Love is not love if it is not freely given.

There is only one “love,” whether it is love of an enemy, or love of a sweetheart. “Fundamentally, ‘love’ is a single reality, but with different dimensions; at different times, one or other dimension may emerge more clearly.” – Deus Caritas Est

If love were merely a positive feeling, then how could we love our enemy, whom we do not even like? “Love is not merely a sentiment. Sentiments come and go. A sentiment can be a marvelous first spark, but it is not the fullness of love.” – Deus Caritas Est

The greatest gifts that God gave us in addition to our existence are reason, free will, and the capacity to love. We were created by God out of love, by an act of creative reason, and for love. Our purpose, the reason that we are here, is to love and be loved. Does it make sense that, in that area for which we are created, love, God would deprive us of those other gifts of reason and free choice of the will?

Love is not love if it is not freely given. Love is not love if it is not the fruit of a conscious decision. Love is not a mere pleasure or sentiment. Love is a conscious, decisive choice of the other as the focus of affection, subordinating one’s self for the sake of the other. Love is a commitment of the will to the other person, with a view to that person’s good. In short, in all its aspects, love is a choice.

Love is more than just an emotional feeling, more than attraction and affection, and more than a desire for personal happiness or fulfillment. Love is a conscious act of the will to subordinate yourself, and to seek the good and welfare of the other, including the gift of yourself for the other’s benefit. Moreover, because you subordinate your own desires, this is a gift of full and complete unconditional love to the other, which does not concern itself with what you may or may not receive in return, although there is great joy when it is reciprocated. And such a love is secure because it does not depend upon and is not contingent upon the other person -- it only depends on you.

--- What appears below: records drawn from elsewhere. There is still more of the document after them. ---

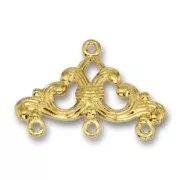 Separatore triangolo 3 file mm. 16 x 25 dorato x4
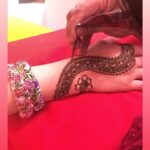 Mehrene Kaur Pirzada Instagram - Mehendi 🥰 #bestfriendwedding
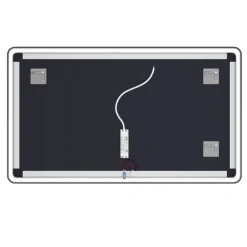 Miroir rectangulaire à leds
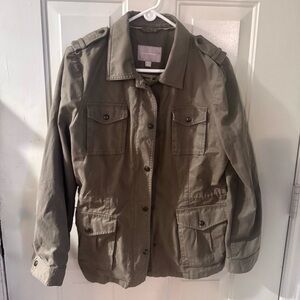 Banana Republic Olive Utility Jacket, women’s large
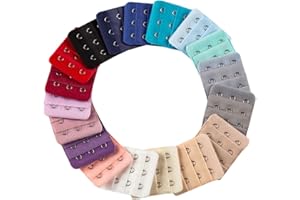 HOMSFOU 30pcs Narrow 3-row 3-hook Bra Extender Strap Buckles Elastic Bra Extension Clips for Random Color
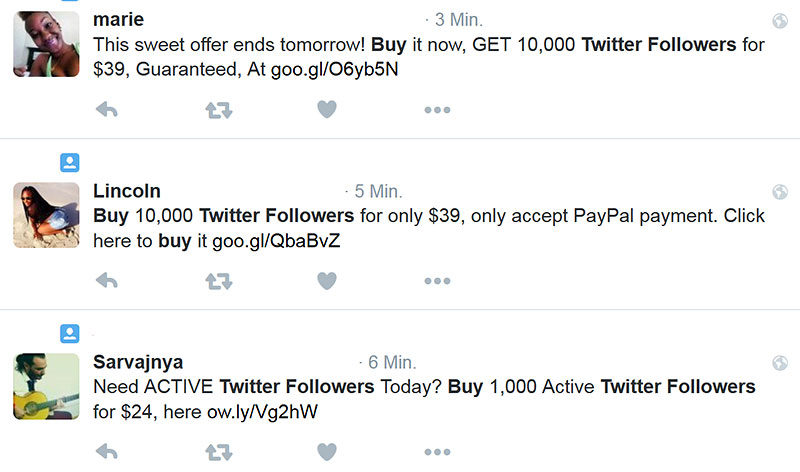 never buy twitter followers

“The ‘commandment’ of love is only possible because it is more than a requirement. Love can be ‘commanded’ because it has first been given [by God]. Some people object and say that love cannot be commanded, that it is ultimately a feeling which is either there or not, nor can it be produced by the will. However, God has loved us first and he continues to do so; we too, then, can respond with love. God does not demand of us a feeling which we ourselves are incapable of producing. In God and with God, I love even the person whom I do not like or even know. This can only take place on the basis of an intimate encounter with God, an encounter which has become a communion of will, even affecting my feelings.” – Deus Caritas Est

So, how do you love – truly love? You make a conscious decision, an act of the will, that you will love no matter what, freely and unconditionally, that is, that you will seek the good of the other, and that you will give of yourself regardless of what the other gives or does not give back. Love is a gift of self, accepting the person who is loved as they really are, without the merits of whether or not they “deserve” to be loved. And if you feel that you do not have that power within you, ask for a little help, which we call grace, from God. And by having such a complete loving disposition, we are able to obtain a level of contentment and happiness that is permanent. It is another one of those curious paradoxes -- by sacrificing yourself, even your personal happiness and security, you gain an even greater happiness and security.

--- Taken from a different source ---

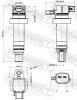 Zündspule FEBEST 12640-001 Bild Zündspule FEBEST 12640-001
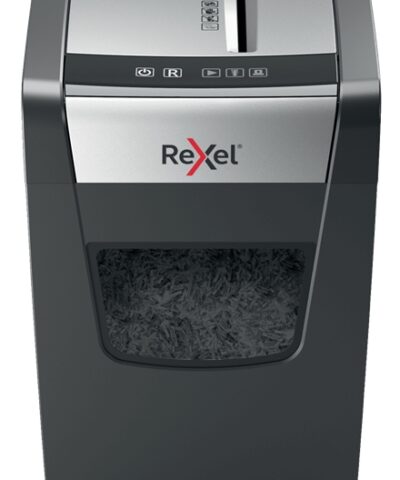 Rexel Momentum X410-SL Slimline Destructora de Papel Manual Corte Confeti – Destruye hasta 10 Hojas – 23L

It is also something which approaches the divine. After all, mankind has given God little more than rejection and infidelity throughout history. And yet, He continues to love us, fully, completely, and unconditionally. He refuses to stop loving us, even when we torture Him and murder Him. He continues to give. And so, He truly does embody love; He truly is Love itself. If we love as He loves, we are truly secure. Thus, we most become like God, not by eating from the Tree of Knowledge, but by eating from the Tree of Love.